# Branded external 3.5" SATA HDD enclosure



## 007 (Apr 10, 2012)

Friends,

I am planning to convert my 3.5" Seagate Barracuda 1TB to external one via eSATA or USB 3.0. 
Please suggest good external SATA enclosure branded models if you know any. 

Thanks in advance.


----------



## Gaurav Bhattacharjee (Apr 10, 2012)

*Sedna USB3.0 3.5inch SATA External Harddrive Enclosure (SE-EH-38U) @1345*


----------



## sameer.pur (Apr 12, 2012)

You can get this



> Vantec ? NexStar 3 SuperSpeed - NST-380S3-BK- 3.5'' SATA to USB 3.0 External Hard Drive Enclosure (Onyx Black)
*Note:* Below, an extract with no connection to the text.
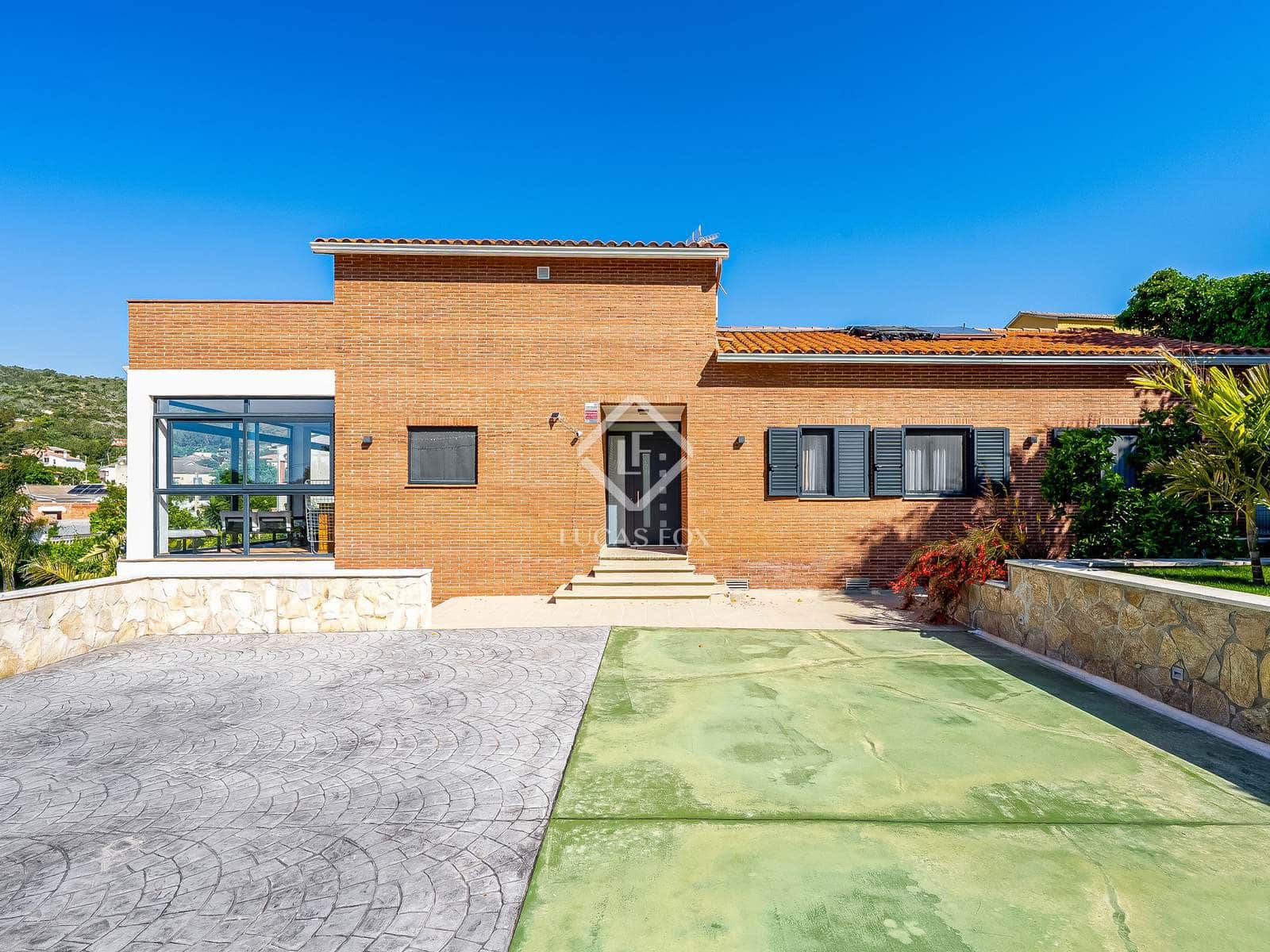 5 soveværelse Villa til salg i El Vendrell med swimmingpool garage - € 990.000 (Ref: 9035503)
But perhaps it's not available in India (I couldn't find any), I recently got one from eBay from here.. will post a review soon. 

Also the one I got is USB 3.0 only, but there is one model also which has USB 3.0 + e-SATA + FireWire. 



> Vantec NexStar 3 SuperSpeed 3.5? SATA I/II to USB 3.0 External Enclosure-CLG | eBay


----------



## 007 (Jun 26, 2012)

Thanks *Gaurav* and *sameer.pur* for your inputs. I have bought Vantec Nexstar CX SATA to USB2.0 and e-SATA from US. 
Product details here.


----------



## ajayritik (Mar 18, 2013)

Sorry guys for bumping into an old thread! Even I'm looking for one. Can someone please help me with what these will be useful for esata and firewire?


----------